Des mécanismes de contrôle pour éviter les dérives
Contrairement à une suppression pure et simple des fonds politiques, Ousmane Sonko prône la mise en place de dispositifs de vérification rigoureux. Son objectif ? Garantir que chaque franc issu des deniers publics soit utilisé à bon escient et sous haute surveillance.
« Aucune dépense ne doit échapper au contrôle démocratique », a-t-il déclaré devant les parlementaires, soulignant l’absolue nécessité de rendre des comptes à la population.

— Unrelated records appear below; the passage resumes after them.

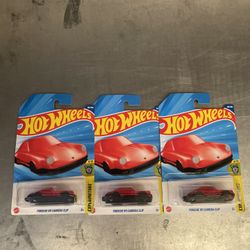 Hot Wheels Red Porche Keychain 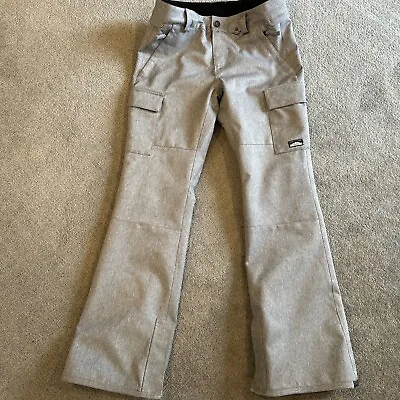 Volcom 10Kmm Gray Snowboard Pants Women’s Size Small • $39.99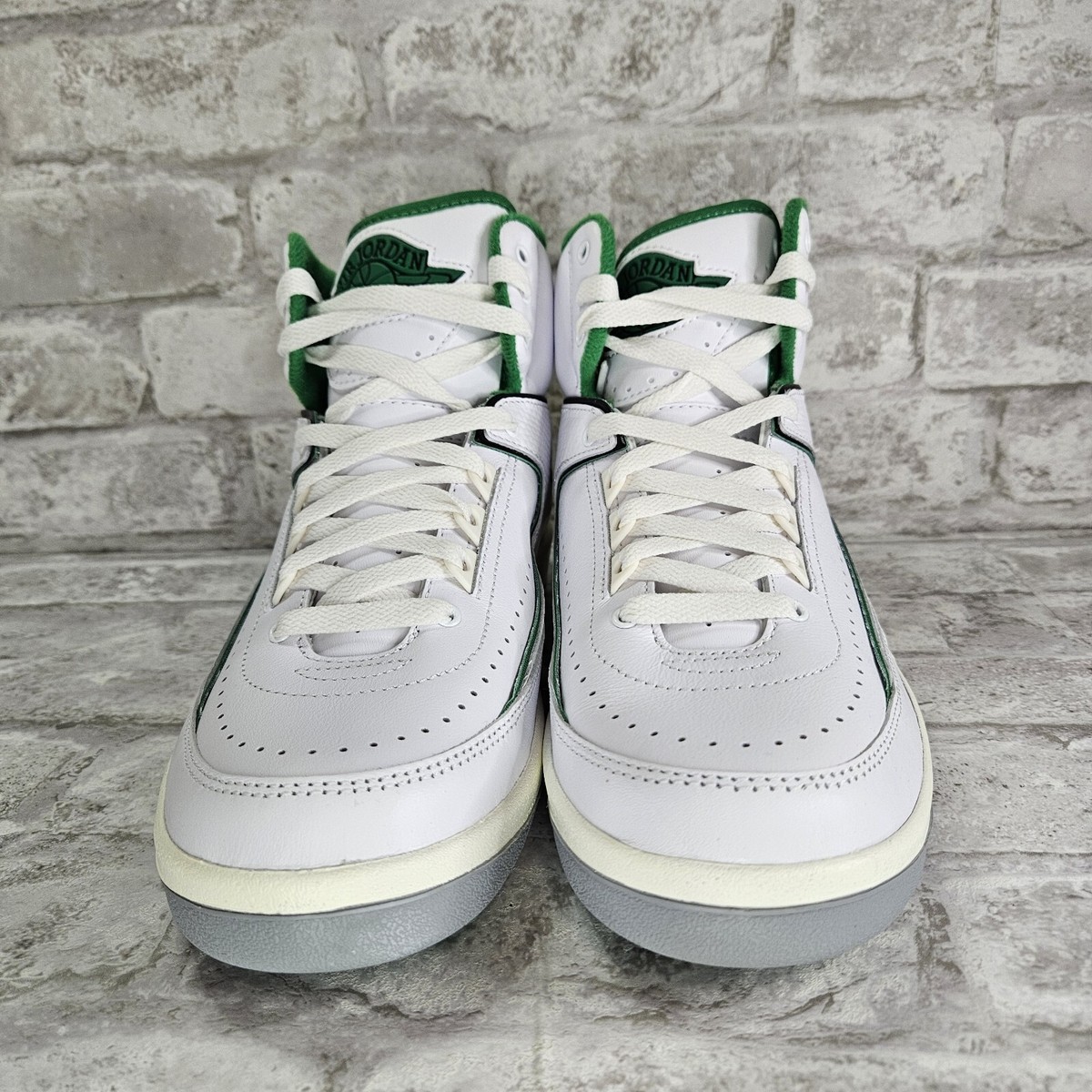 Nike Air Jordan 2 White Sail Light Lucky Green DQ8562-103 Grade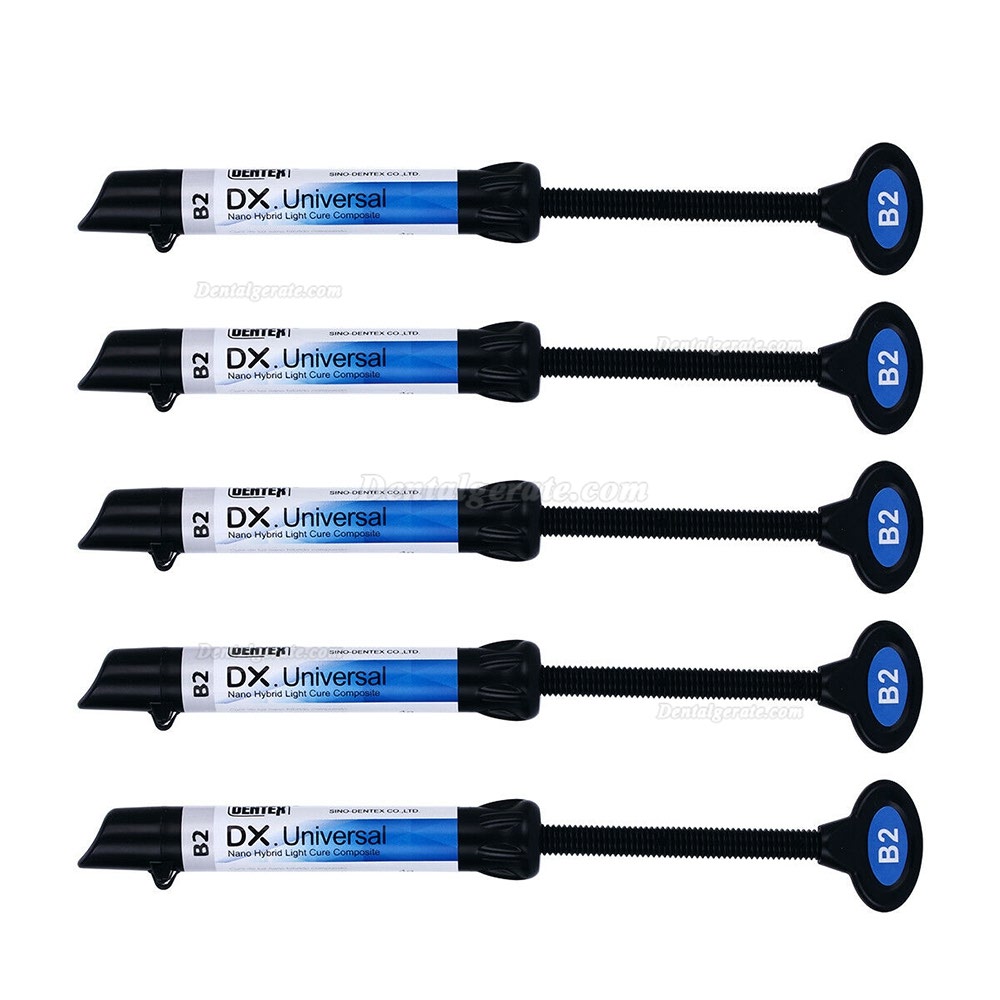 5Pcs B2 Lichthärtende Dental Hybridkunstharz Composite Syringe 5Pcs B2 Lichthärtende Dental Hybridkunstharz Composite Syringe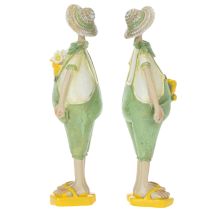 položky Dekorativní figurky zahradníka, dekorace na stůl, letní, zelenožluté, 16,5 x 5,5 cm, 2 kusy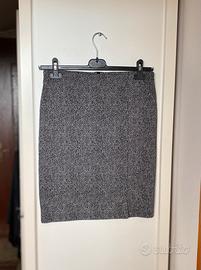 Gonna Conbipel tessuto spigato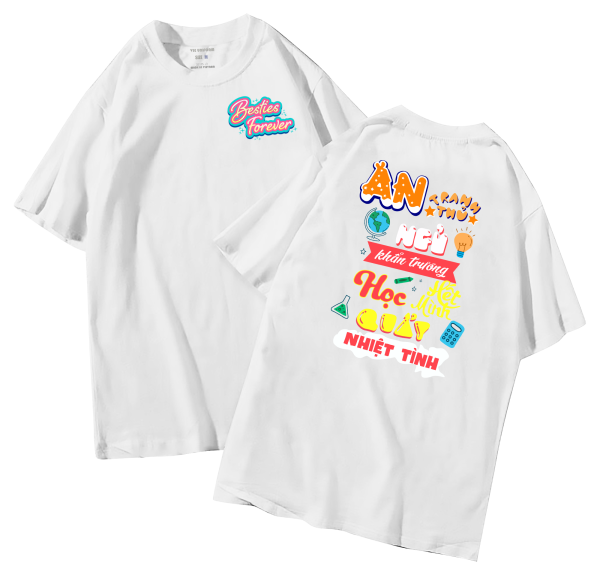 đồng phục áo lớp in hình mới nhất, hình in bên đẹp cute dễ thương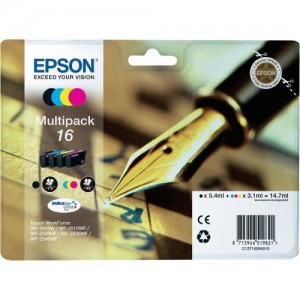 Epson T162640 4 PACK Inkjet / getto d'inchiostro Cartuccia originale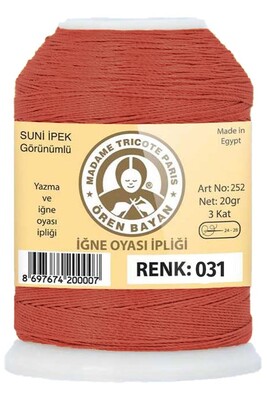 Örenbayan yarn - ÖREN BAYAN ARTIFICIAL SILK LACE YARN 20 GR 0031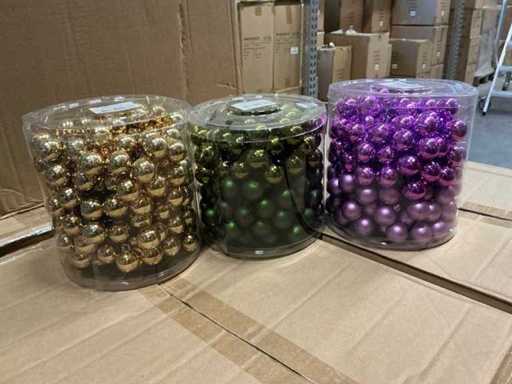 Partij diverse christmas balls wire 3x25mm 48tf (120x)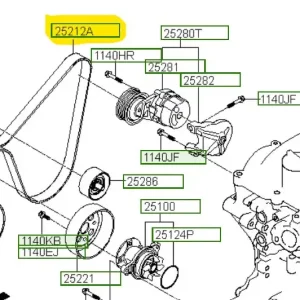 Zamów teraz Pasek klinowy Hyundai I20 / Bayon - wyprzedaż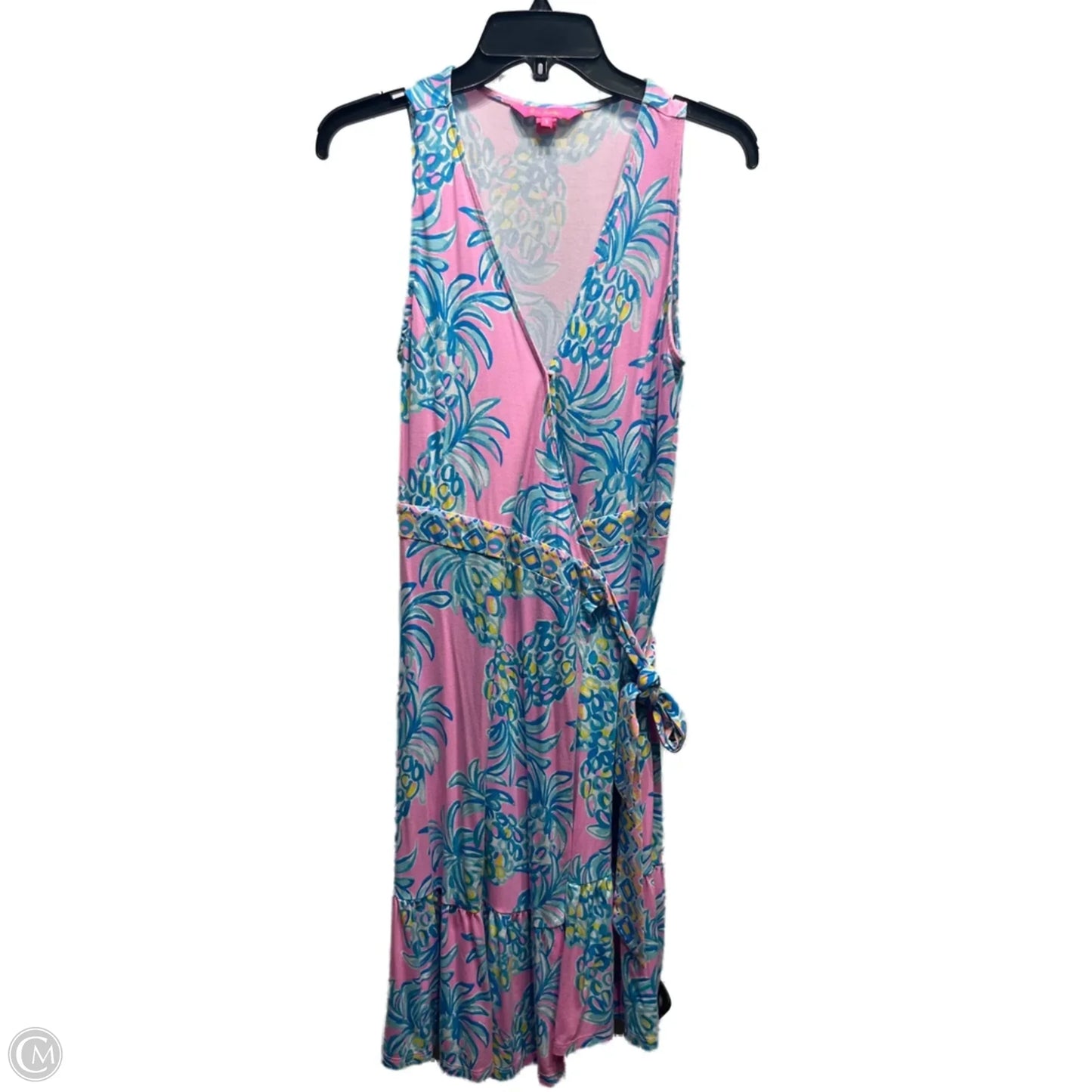 Dress Designer By Lilly Pulitzer In Blue & Pink, Size: S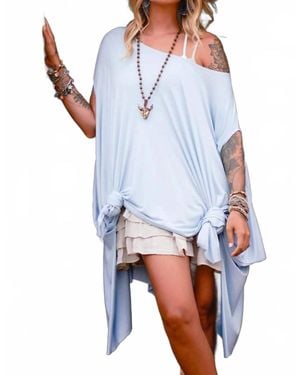Three Bird Nest Wren Tunic - Blue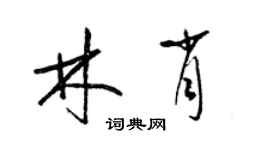 梁錦英林肖草書個性簽名怎么寫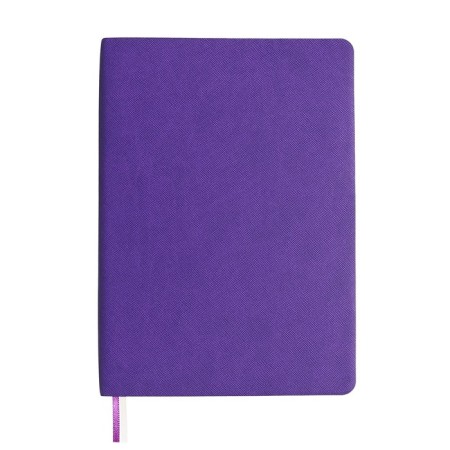 Dated diary 2024 A5 176 sheets, Devente.nobile, soft cover of artificial leather, lies, cream block 70 g/m2, purple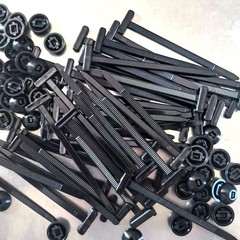 100PCS Nylon Cable Tie Buckle Self Locking Car Body Fastener Clips
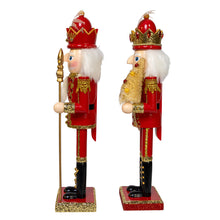 15" Red &amp; Gold Nutcrackers, CHOOSE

Un milliard 770 millions de francs CFA sous son administration
Le chef du gouvernement a également révélé que la Primature gère un budget politique évalué à près de 1,77 milliard de francs CFA. Une somme qu’il présente comme un exemple de transparence, puisque ces fonds sont sous sa responsabilité directe.
Cette déclaration vise à démontrer que le débat ne cible aucune personnalité en particulier, mais bien un système à améliorer.
Des divergences avec le président de la République
Ousmane Sonko a reconnu l’existence de désaccords avec le président Bassirou Diomaye Faye, qui défend le maintien de ces fonds au nom des dépenses stratégiques. Selon le président, ces ressources sont indispensables pour financer des missions de sécurité, de renseignement ou des engagements diplomatiques cruciaux pour l’État.
S’inspirer des modèles occidentaux
Pour appuyer sa position, le Premier ministre a évoqué des exemples internationaux où les fonds spéciaux font l’objet d’un suivi institutionnel strict. Il a notamment mentionné des mécanismes similaires à ceux en vigueur en France, où une commission dédiée supervise ces dépenses sensibles.
Un risque politique à éviter
Enfin, Ousmane Sonko a tenu à préciser qu’il avait échangé avec le chef de l’État après le dépôt d’une proposition parlementaire par le député Guy Marius Sagna. Selon lui, une saisine directe du Parlement sur ce sujet pourrait fragiliser la légitimité du régime en place.